### Directions
Starting with the line that contains "מנדלאי Hotel Victory Point מראה חיצוני תמונה", copy each line exactly through the end of the listing, and omit all pictures.

### Data block
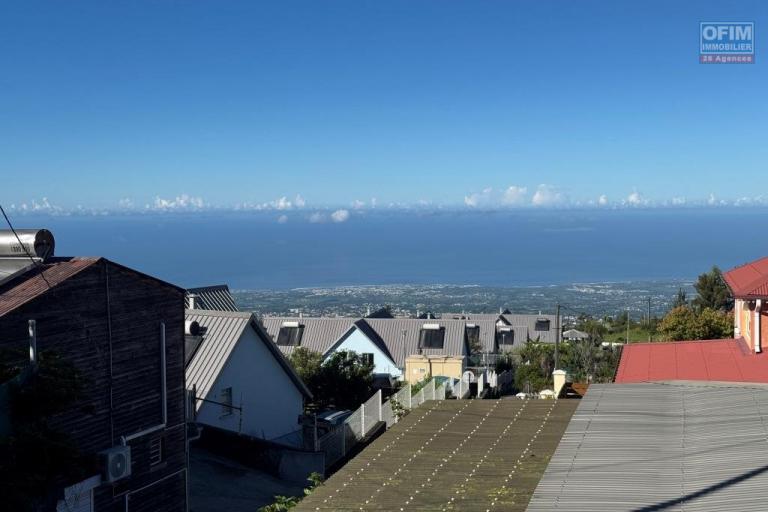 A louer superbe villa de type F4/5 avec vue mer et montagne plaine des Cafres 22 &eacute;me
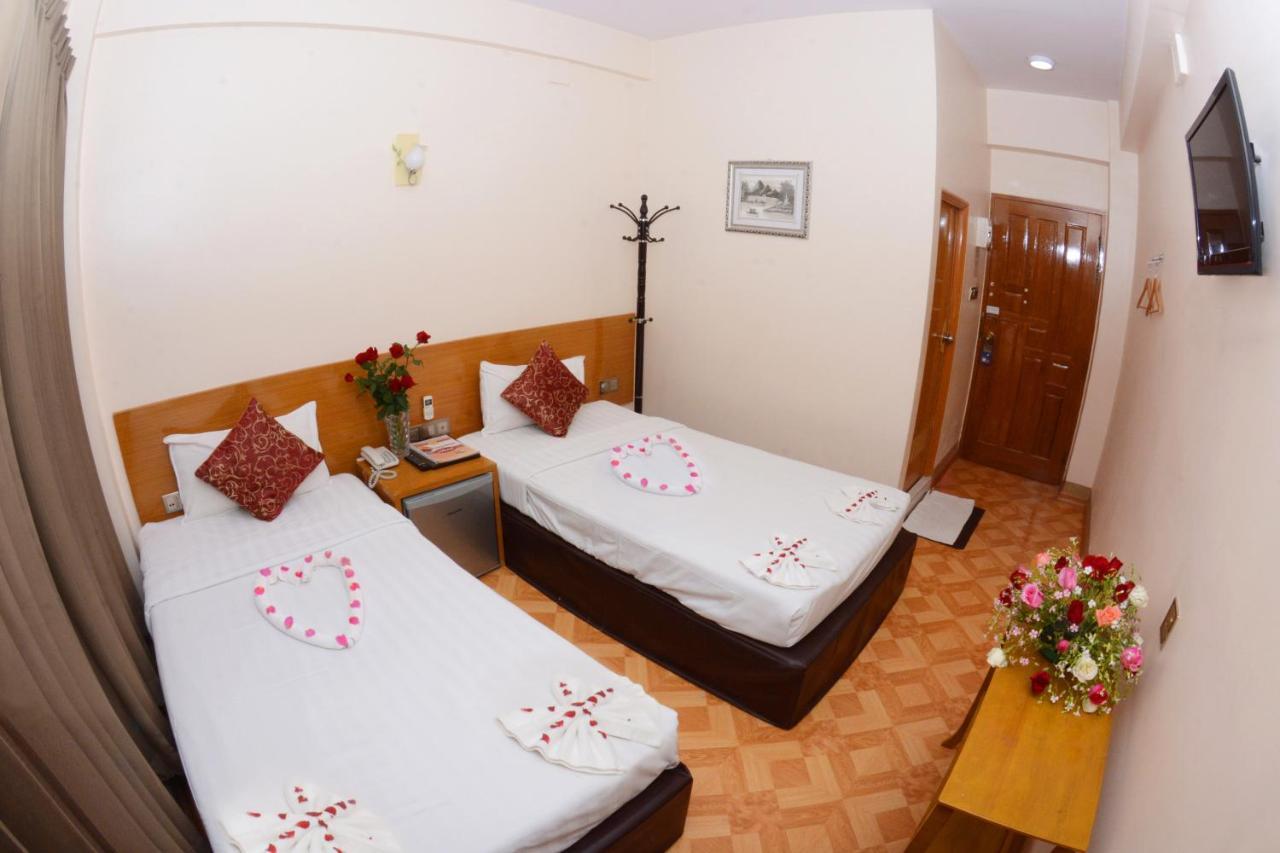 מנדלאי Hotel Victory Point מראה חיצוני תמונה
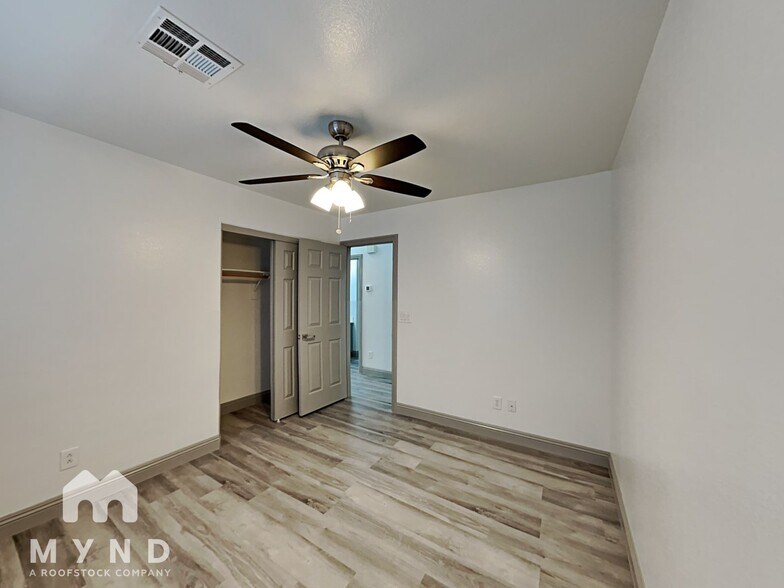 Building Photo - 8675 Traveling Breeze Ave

### Exercise solution
 מנדלאי Hotel Victory Point מראה חיצוני תמונה
 Building Photo - 8675 Traveling Breeze Ave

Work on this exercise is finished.